Exercise directions
Take each line in the entries below that holds "Women" and show it.

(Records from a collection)
*** Begin section ***

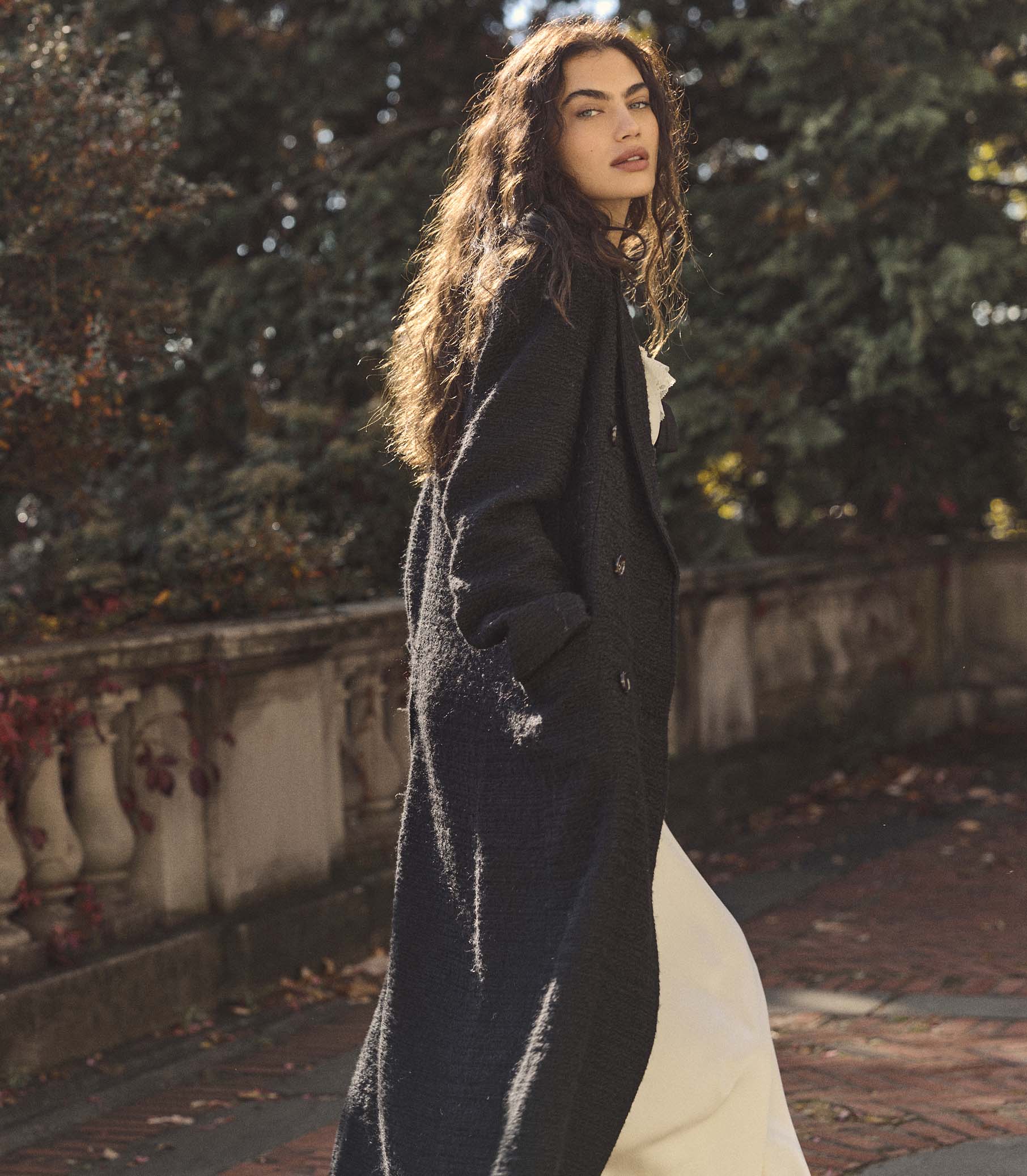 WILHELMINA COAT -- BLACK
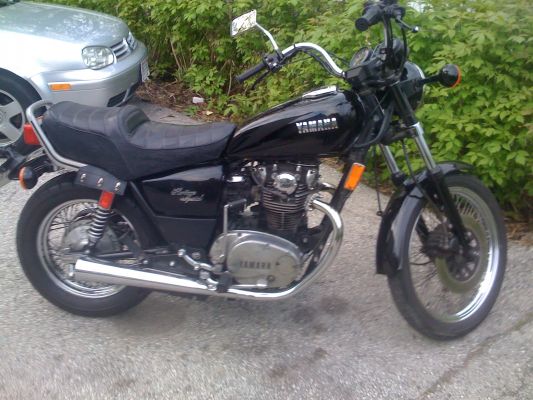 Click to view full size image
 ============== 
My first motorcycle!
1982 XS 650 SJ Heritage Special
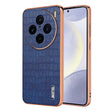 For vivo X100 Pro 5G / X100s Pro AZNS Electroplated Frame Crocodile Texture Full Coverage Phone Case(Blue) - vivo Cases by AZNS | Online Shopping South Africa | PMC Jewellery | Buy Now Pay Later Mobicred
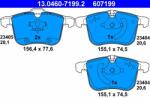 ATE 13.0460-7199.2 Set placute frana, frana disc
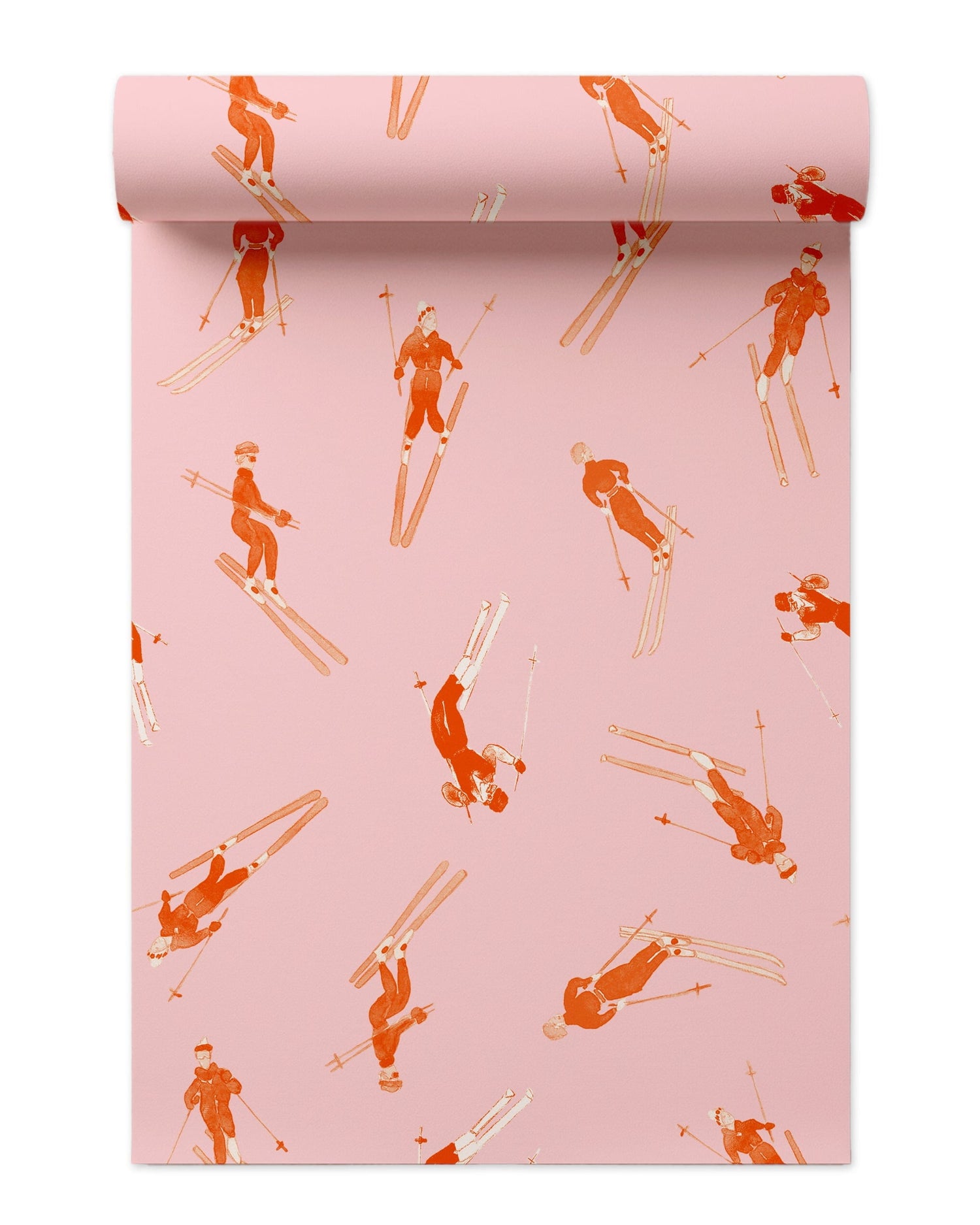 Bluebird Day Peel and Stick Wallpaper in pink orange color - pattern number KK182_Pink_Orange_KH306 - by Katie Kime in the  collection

*** End section ***
*** Begin section ***

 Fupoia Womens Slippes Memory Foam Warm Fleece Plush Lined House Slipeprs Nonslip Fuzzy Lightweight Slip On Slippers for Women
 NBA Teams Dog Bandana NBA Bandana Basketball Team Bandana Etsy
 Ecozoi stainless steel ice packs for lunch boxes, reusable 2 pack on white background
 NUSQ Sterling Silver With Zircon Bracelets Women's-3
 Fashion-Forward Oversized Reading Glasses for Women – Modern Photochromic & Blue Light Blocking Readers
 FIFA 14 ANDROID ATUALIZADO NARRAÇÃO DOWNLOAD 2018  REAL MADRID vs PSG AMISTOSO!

*** End section ***

Answer to the problem
 Fupoia Womens Slippes Memory Foam Warm Fleece Plush Lined House Slipeprs Nonslip Fuzzy Lightweight Slip On Slippers for Women
 NUSQ Sterling Silver With Zircon Bracelets Women's-3
 Fashion-Forward Oversized Reading Glasses for Women – Modern Photochromic & Blue Light Blocking Readers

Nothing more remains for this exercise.